Goal of the exercise: Reproduce every entry exactly and leave its pictures out.

== Excerpted data

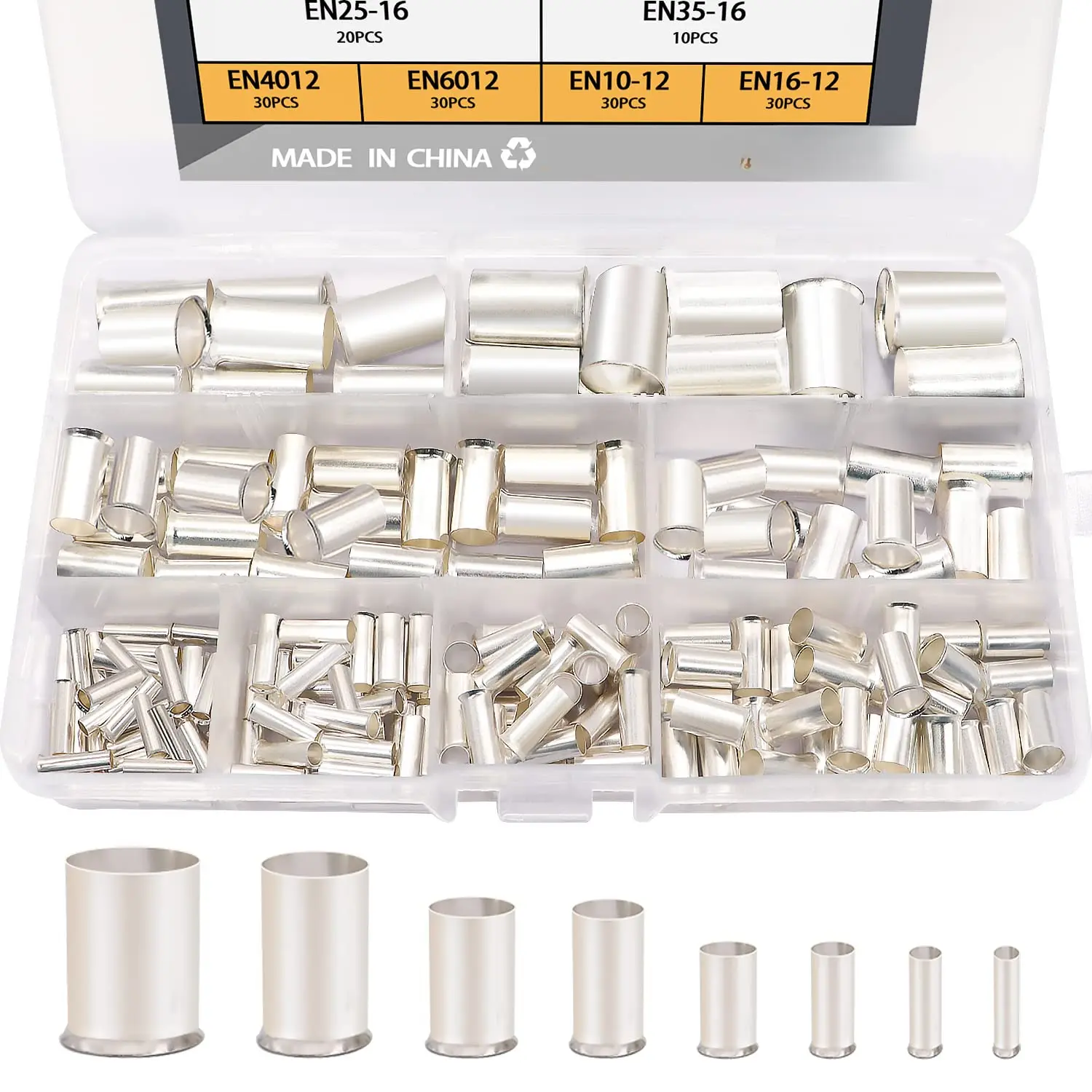 166-Piece Multi-Size Silver Plated Copper Wire Ferrules Kit - 8 AWG Sizes (1/0,2/0,2,4,6,8,10,12) with Insulation Flare Crimp Terminals, M-020 Sleeves, Cord Pin Ends, Plastic Box, AWG 6*30 Pcs for Car Audio Equipment, Household Appliances (Prevents Fray)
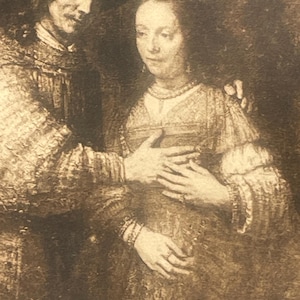 AG158G, Antike Kunstpostkarte, Stillmalerei, The Dinner, The Jüdische Braut, Rembrandt Künstler, Renburgsmuseum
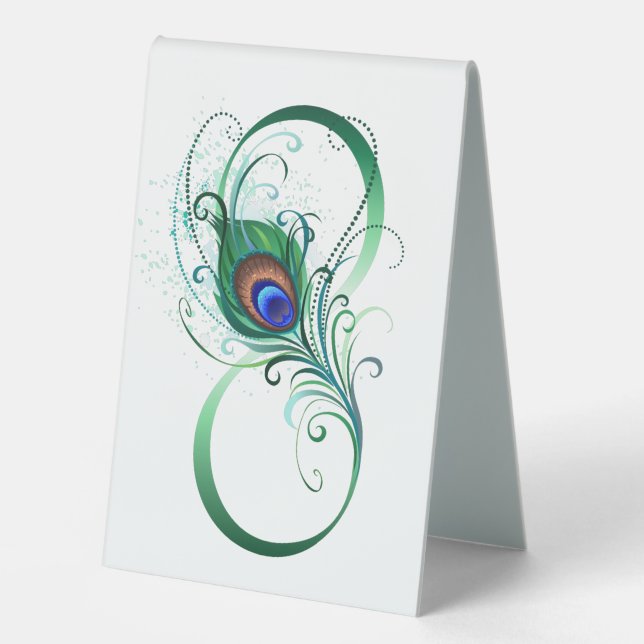 Infinity Symbol with Peacock Feather (Front)
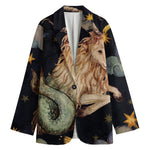 Watercolor Capricorn Zodiac Sign Print Women's Cotton Blazer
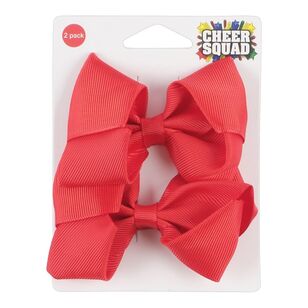 Cheer Squad Bows 2 Pack<br> Red
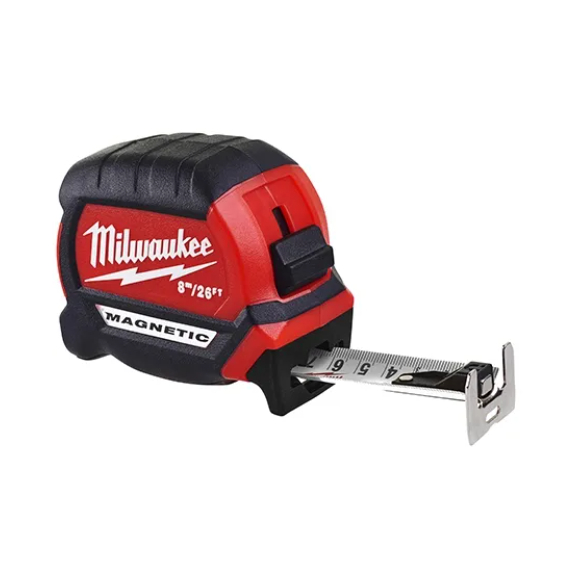 Milwaukee ตลับเมตร ความยาว 8 เมตร 26 ฟุต แถบหัวแม่เหล็ก เลขคมชัด ยี่ห้อ MILWAUKEE 48-22-0626 8m 26ft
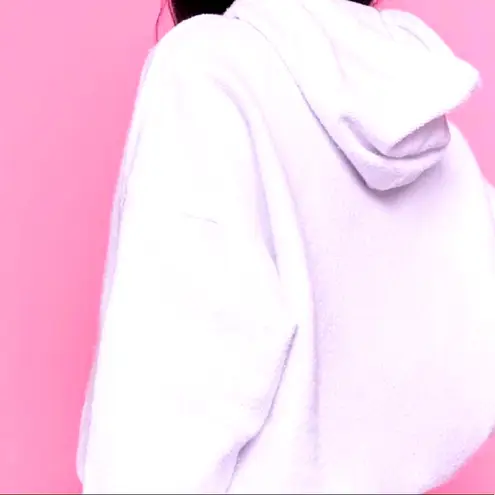 Barbie Limited Edition White Graphic Cropped Beaded Pullover Hoodie Size M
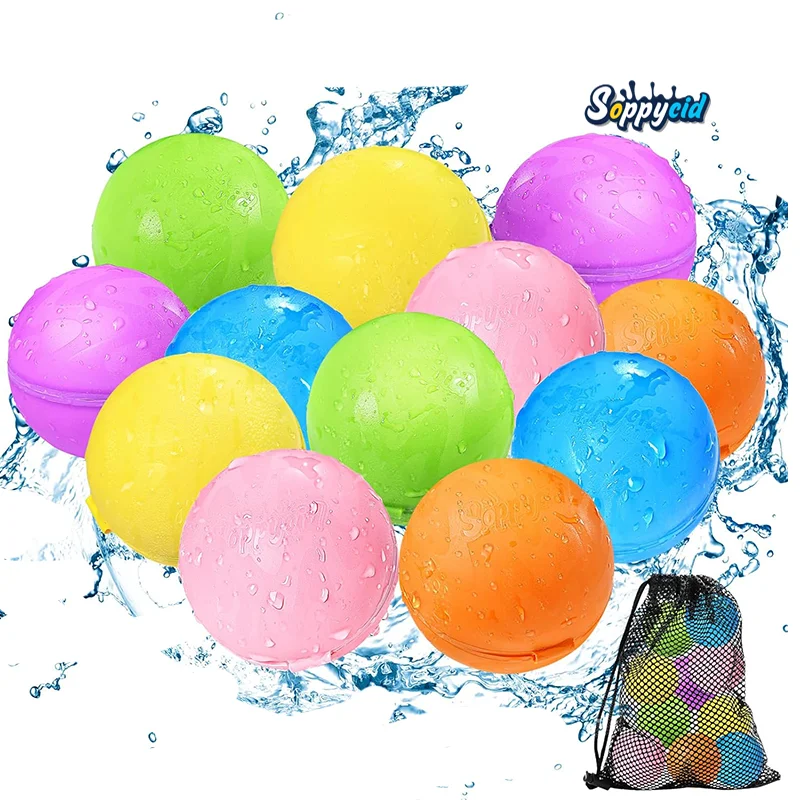 Soppycid Happy Baby Magic Easy Fill Self Sealing Closed Refillable Water Balloons Bomb Silicone Reusable Water Balloons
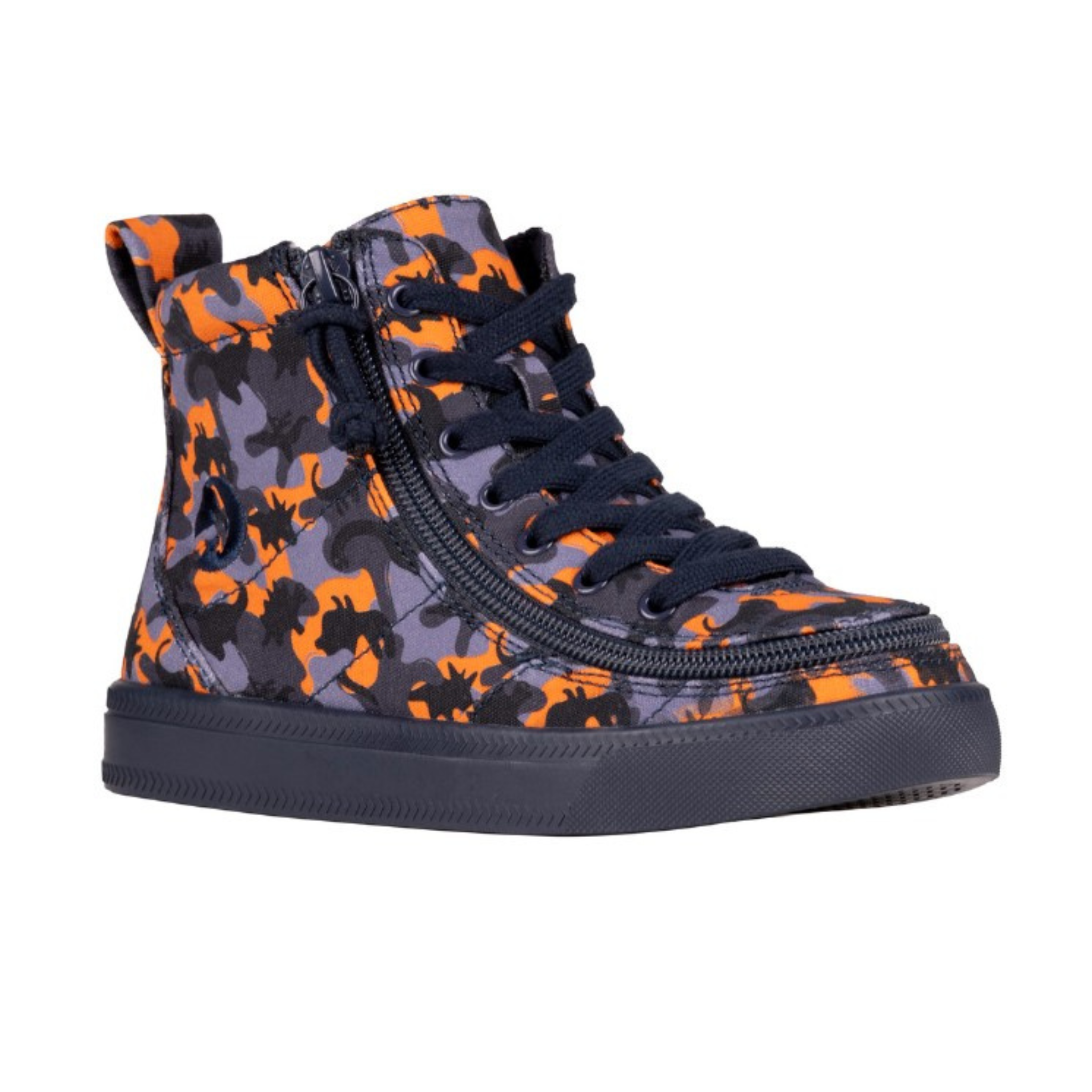 Billy Footwear (Kids) - High Top Orange Dino Canvas Shoes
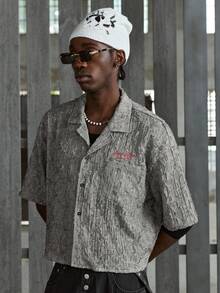 NEON BLANC 男士字母印花前开襟休闲宽松衬衫 - 淺灰色 - 查看 5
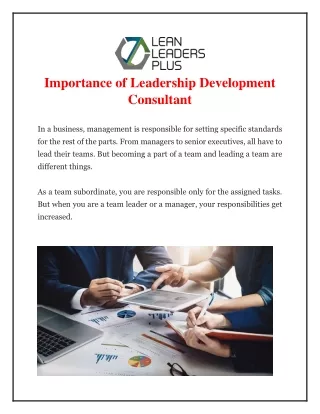 Importance of Leadership Development Consultant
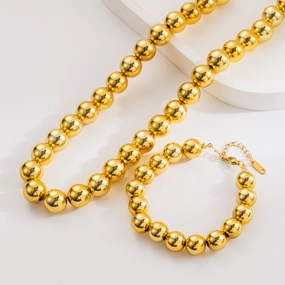 Wholesale Alloy Gold Necklace Minimalist Hip-hop Beaded Clavicle Chain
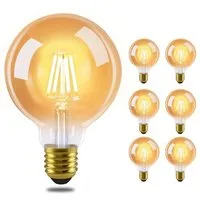 ZMH LED-Leuchtmittel G95 E27, LED Glühbirne 4 W, 2700 K warmweiß, Vintage Filament, E27, 6 St., warmweiß, nicht dimmbar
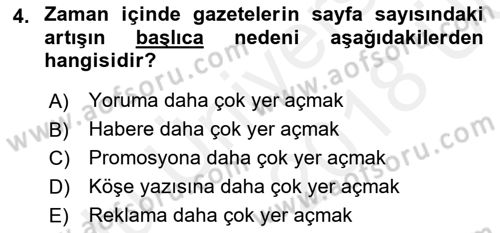 Türk Basın Tarihi Dersi 2017 - 2018 Yılı 3 Ders Sınavı 4. Soru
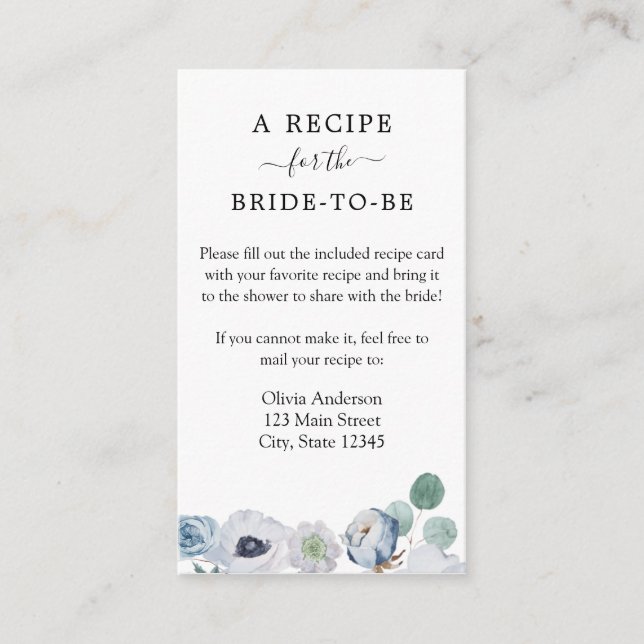 Blue Floral Shower Recipe Request  Enclosure Card (Front)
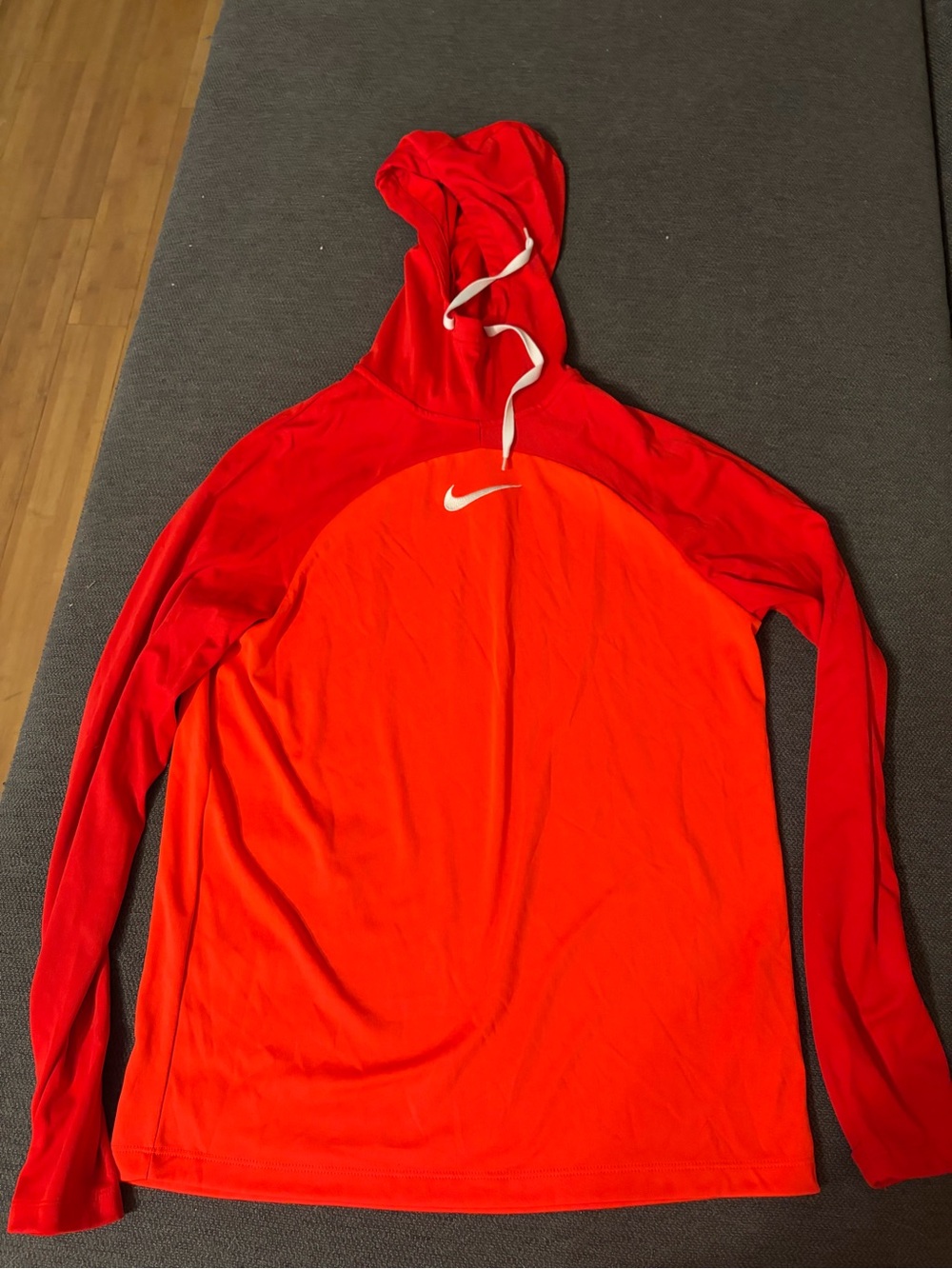 Nike Men’s Red and Orange Hooded Sweater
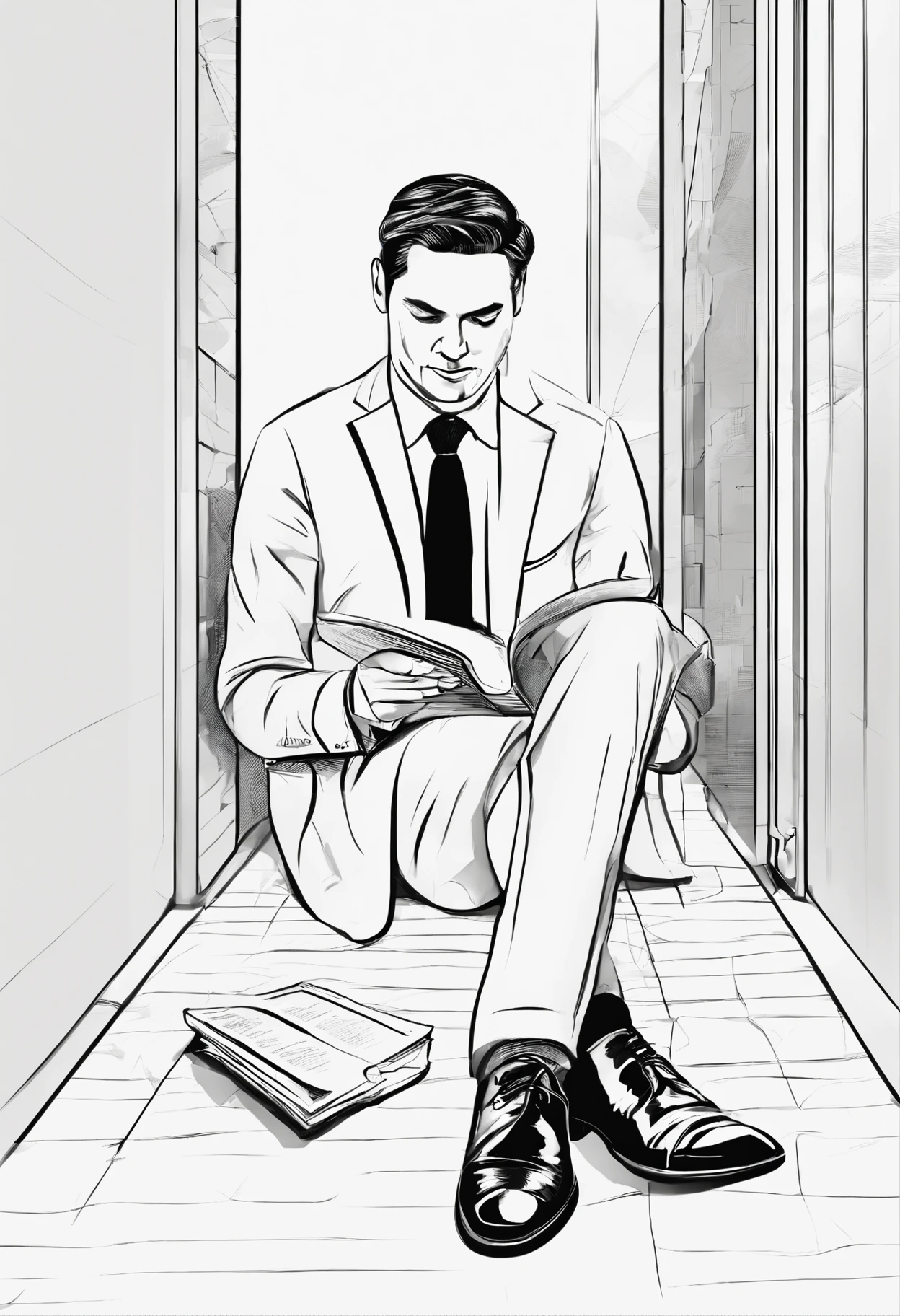 [Man sitting on the floor of a clean public toilet,Dressed in a suit and leather shoes。He was holding a book,There is a briefcase next to it。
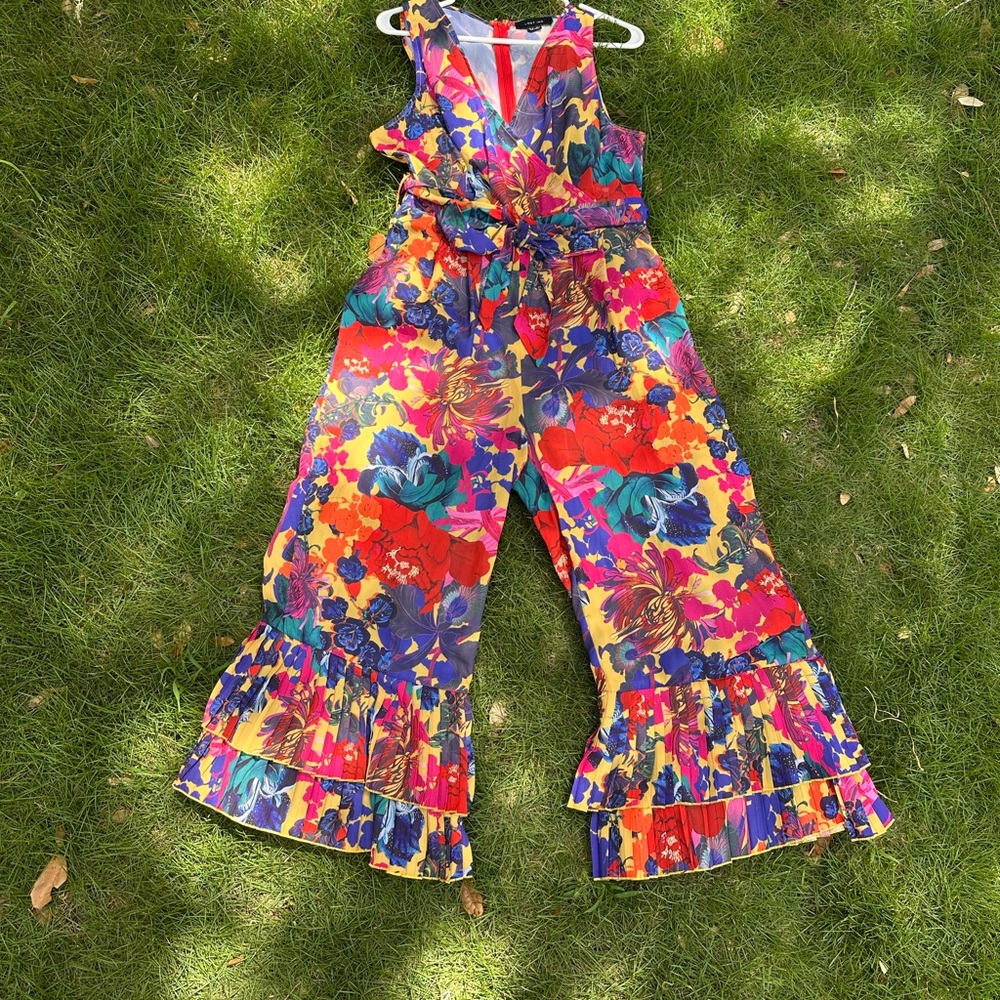 Red and Yellow Cropped Jumpsuit with Ankle Length and Bold Design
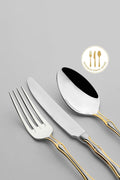 Adriana Gold Satin 12 Seater 84 Piece Box Fork Spoons Knife Set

====

Exercise output:
 166-Piece Multi-Size Silver Plated Copper Wire Ferrules Kit - 8 AWG Sizes (1/0,2/0,2,4,6,8,10,12) with Insulation Flare Crimp Terminals, M-020 Sleeves, Cord Pin Ends, Plastic Box, AWG 6*30 Pcs for Car Audio Equipment, Household Appliances (Prevents Fray)
 AG158G, Antike Kunstpostkarte, Stillmalerei, The Dinner, The Jüdische Braut, Rembrandt Künstler, Renburgsmuseum
 Infinity Symbol with Peacock Feather (Front)
 Watercolor Capricorn Zodiac Sign Print Women's Cotton Blazer
 Cheer Squad Bows 2 Pack<br> Red
 Milwaukee ตลับเมตร ความยาว 8 เมตร 26 ฟุต แถบหัวแม่เหล็ก เลขคมชัด ยี่ห้อ MILWAUKEE 48-22-0626 8m 26ft
 Barbie Limited Edition White Graphic Cropped Beaded Pullover Hoodie Size M
 Soppycid Happy Baby Magic Easy Fill Self Sealing Closed Refillable Water Balloons Bomb Silicone Reusable Water Balloons
 Billy Footwear (Kids) - High Top Orange Dino Canvas Shoes
 NEON BLANC 男士字母印花前开襟休闲宽松衬衫 - 淺灰色 - 查看 5
 Importance of Leadership Development Consultant
 Wholesale Alloy Gold Necklace Minimalist Hip-hop Beaded Clavicle Chain
 ZMH LED-Leuchtmittel G95 E27, LED Glühbirne 4 W, 2700 K warmweiß, Vintage Filament, E27, 6 St., warmweiß, nicht dimmbar
 Türk Basın Tarihi Dersi 2017 - 2018 Yılı 3 Ders Sınavı 4. Soru
 Blue Floral Shower Recipe Request  Enclosure Card (Front)
 Nike Men’s Red and Orange Hooded Sweater
 [Man sitting on the floor of a clean public toilet,Dressed in a suit and leather shoes。He was holding a book,There is a briefcase next to it。
 Red and Yellow Cropped Jumpsuit with Ankle Length and Bold Design
 Adriana Gold Satin 12 Seater 84 Piece Box Fork Spoons Knife Set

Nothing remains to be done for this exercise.